并不表示您认为它是什么(使用C操作符优先表查找)。
Instead of unreadable, ugly and confusing (yes, it just confused you) code, use a temporary variable (and do not for the love of God cast the return value of malloc!):
代码不是不可读的、丑陋的和令人困惑的(是的,它只是让你困惑),而是使用一个临时变量(不要为了上帝的爱而使用malloc的返回值!)
void function(double **array, int size)
{
if (array == NULL) return;
double *tmp = malloc(size * sizeof(*tmp));
if (tmp == NULL) {
*array = NULL;
return;
}
int i;
for (i = 0; i < size; i++) {
tmp[i] = 10.10;
}
*array = tmp;
}
Also, return 0; from main(). Really.
此外,返回0;从主()。真的。
#2
3
You have fallen foul of operator precedence.
你违反了操作符优先级。
Change:
变化:
for(i=0;i<size;i++){
*array[i] = 10.10;
}
to:
:
for(i=0;i<size;i++){
(*array)[i] = 10.10;
}
Note that if you had compiled with warnings enabled (e.g. gcc -Wall ...) your compiler would have caught this for you. Always compile with warnings enabled and always pay heed to, understand and fix any warnings.

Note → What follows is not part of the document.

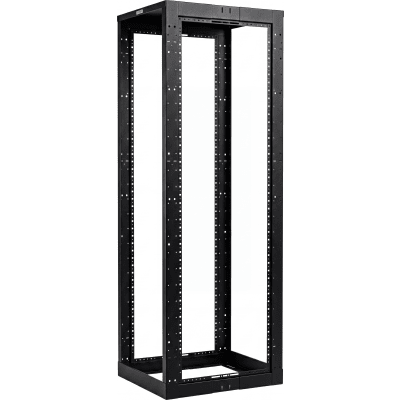 Rack de Cuatro Postes Estándar de 19, Rieles Con Orificio Para Tuerca Enjaulada, Profundidad Ajustable de 23 a 42 in, 45 Unidades de Rack, Color Negro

请注意,如果您使用已启用的警告(例如gcc -Wall…)进行编译,您的编译器将为您捕捉到这一点。经常使用警告进行编译,并始终注意、理解和修复任何警告。
#1
1
*array[i]
doesn't mean what you think it does (look it up using a C operator precedence table).
并不表示您认为它是什么(使用C操作符优先表查找)。
Instead of unreadable, ugly and confusing (yes, it just confused you) code, use a temporary variable (and do not for the love of God cast the return value of malloc!):
代码不是不可读的、丑陋的和令人困惑的(是的,它只是让你困惑),而是使用一个临时变量(不要为了上帝的爱而使用malloc的返回值!)

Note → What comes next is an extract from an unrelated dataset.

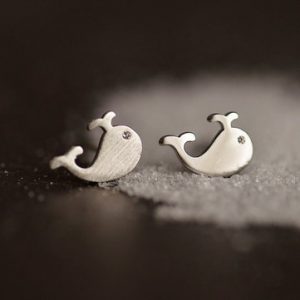 925 Sterling Silver Little Whale Ear Stud Earrings For Women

void function(double **array, int size)
{
if (array == NULL) return;
double *tmp = malloc(size * sizeof(*tmp));
if (tmp == NULL) {
*array = NULL;
return;
}
int i;
for (i = 0; i < size; i++) {
tmp[i] = 10.10;
}
*array = tmp;
}
Also, return 0; from main(). Really.
此外,返回0;从主()。真的。
#2
3
You have fallen foul of operator precedence.
你违反了操作符优先级。
Change:
变化:
for(i=0;i<size;i++){
*array[i] = 10.10;
}
to:
:
for(i=0;i<size;i++){
(*array)[i] = 10.10;
}
Note that if you had compiled with warnings enabled (e.g. gcc -Wall ...) your compiler would have caught this for you. Always compile with warnings enabled and always pay heed to, understand and fix any warnings.
请注意,如果您使用已启用的警告(例如gcc -Wall…)进行编译,您的编译器将为您捕捉到这一点。经常使用警告进行编译,并始终注意、理解和修复任何警告。